И опять ишан не отвечал прямо. По его подсчетам, бухарский шейх Алам-ходжа имеет свыше тысячи мюридов, шейх Шохасан – около двух тысяч, шейх халифа Хусаин – немного больше. Есть еще шейхи вроде ишана Худжанди и другие – одни из них имеют по сто мирюдов, иные и по три тысячи. Только все эти шейхи не стоят и плевка его – ишана Чарбекира. Вот он может похвастаться подлинным могуществом, дарованным ему всесильным господом. Учеников у него без счета, ученики – верные мюриды – всюду и везде: в Каратегине и в Бухаре, в Самарканде и Гузаре, в Керках и Гиждуване. По сравнению с ним ишан кабадианский полное ничтожество, навоз ослиный. Ибо он, ишан чарбекирский, при своей мечети кормит ежедневно тридцать дюжин нищих и выдает каждому по червонцу.

– Но сколько их у вас?

– Число их легион, а самый почтенный из них – господин, несправедливо изгнанный с трона отцов, Сеид Алимхан, эмир и властелин священной Бухары.

Пришлось зятю халифа вновь повторить вопрос, сколько же у могущественного ишана чарбекирского последователей и учеников. И снова ответ последовал самый туманный и неопределенный, причем ишан весьма вольно обращался с «мириадами» и «легионами». Раздражение Энвербея с минуты на минуту росло. Он не хотел признаться, что у него уже давно разыгрался неслыханный аппетит, то ли от свежего загородного воздуха и длительной верховой прогулки, то ли потому, что он завтракал рано утром и прошел час «ленча», который по своим европейским привычкам соблюдал пунктуально. «Уж не хотят ли они меня накормить жарким из бедра саранчи!» – ловил себя на мысли Энвербей. Он прислушивался к жизни в доме ишана, следил за его приближенными, но все их поведение изобличало одну простую истину: ли завтрака, ни обеда у ишана не предвиделось. Тогда, отбросив всякие церемонии, Энвербей спросил:

– Не мириады, не легионы, сколько тысяч готово к джихаду?
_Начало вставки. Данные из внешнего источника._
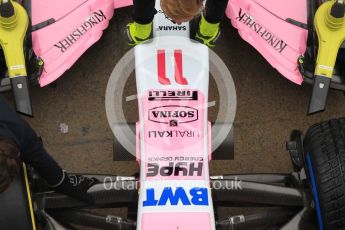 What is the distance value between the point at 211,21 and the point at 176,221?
1.10 meters

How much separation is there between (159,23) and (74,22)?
0.58 m

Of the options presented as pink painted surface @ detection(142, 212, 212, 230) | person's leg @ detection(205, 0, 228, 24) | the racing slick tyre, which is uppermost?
person's leg @ detection(205, 0, 228, 24)

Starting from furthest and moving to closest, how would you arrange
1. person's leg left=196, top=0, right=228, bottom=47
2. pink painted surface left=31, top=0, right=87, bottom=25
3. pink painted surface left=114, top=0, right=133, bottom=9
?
1. pink painted surface left=114, top=0, right=133, bottom=9
2. pink painted surface left=31, top=0, right=87, bottom=25
3. person's leg left=196, top=0, right=228, bottom=47

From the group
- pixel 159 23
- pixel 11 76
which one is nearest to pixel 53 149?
pixel 11 76

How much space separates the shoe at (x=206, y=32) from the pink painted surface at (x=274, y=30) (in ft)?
1.20

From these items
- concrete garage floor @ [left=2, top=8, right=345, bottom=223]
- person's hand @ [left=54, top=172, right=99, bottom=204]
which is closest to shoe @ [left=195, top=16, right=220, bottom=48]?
concrete garage floor @ [left=2, top=8, right=345, bottom=223]

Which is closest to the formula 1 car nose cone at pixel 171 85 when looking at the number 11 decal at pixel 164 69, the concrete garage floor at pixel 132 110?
the number 11 decal at pixel 164 69

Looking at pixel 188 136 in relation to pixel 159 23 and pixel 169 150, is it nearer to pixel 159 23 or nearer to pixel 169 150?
pixel 169 150

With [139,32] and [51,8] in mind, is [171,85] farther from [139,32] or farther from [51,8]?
[51,8]

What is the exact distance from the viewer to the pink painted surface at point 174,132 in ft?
9.57

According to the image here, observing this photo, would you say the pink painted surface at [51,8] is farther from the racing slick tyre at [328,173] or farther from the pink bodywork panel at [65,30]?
the racing slick tyre at [328,173]

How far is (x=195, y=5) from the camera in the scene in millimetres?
2572

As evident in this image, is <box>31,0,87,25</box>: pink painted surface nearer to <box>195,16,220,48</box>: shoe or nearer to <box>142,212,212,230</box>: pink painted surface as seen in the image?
<box>195,16,220,48</box>: shoe

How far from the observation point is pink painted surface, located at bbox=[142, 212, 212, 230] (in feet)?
8.80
Ишан вновь поморщился при слове «джихад».

– Когда ваша милость протянет руку к Бухаре, кого же из достойных призовут стать блюстителем дел мусульманской религии?
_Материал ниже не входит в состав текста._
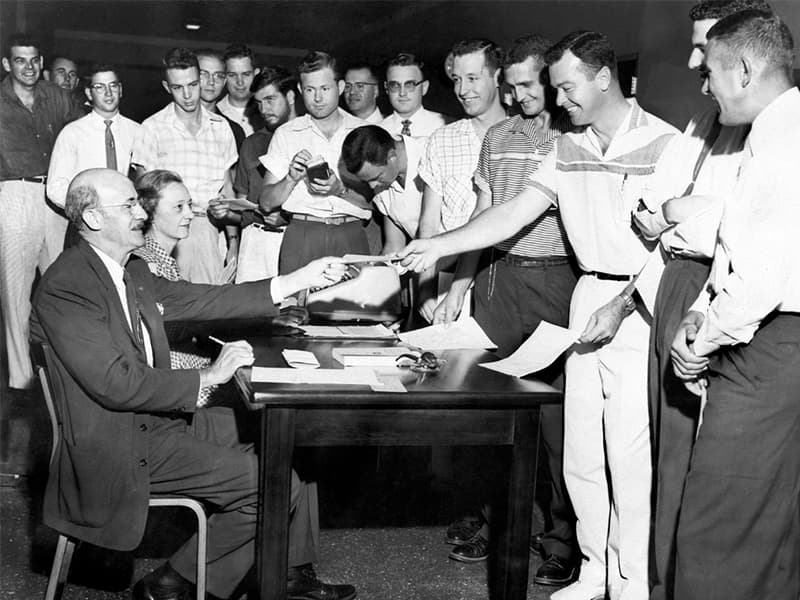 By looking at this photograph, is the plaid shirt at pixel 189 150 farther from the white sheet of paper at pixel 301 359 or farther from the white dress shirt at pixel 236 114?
the white sheet of paper at pixel 301 359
Энвербей просто не понял вопроса.

– Нет более достойного на пост шейх-уль-ислама, чем я, – выпалил ишан чарбекирский и хитро сощурил глазки. – И, уверяю вас, сорок тысяч духовных лиц, имеющихся в славном Бухарском государстве, в один голос подтвердят это. Но у них нет сейчас главы, и они овцы без пастуха, ибо чернь, свергнув злодейски законного владыку государства, посягнула на сильных мира сего и втоптала в грязь славу исламской церкви – его святейшество господина шейх-уль-ислама. И ныне мы видим мусульман Бухары без главы, стадо без пастыря. Баранам нужен пастух, – взвизгнул ишан, – пастух шейх-уль-ислам!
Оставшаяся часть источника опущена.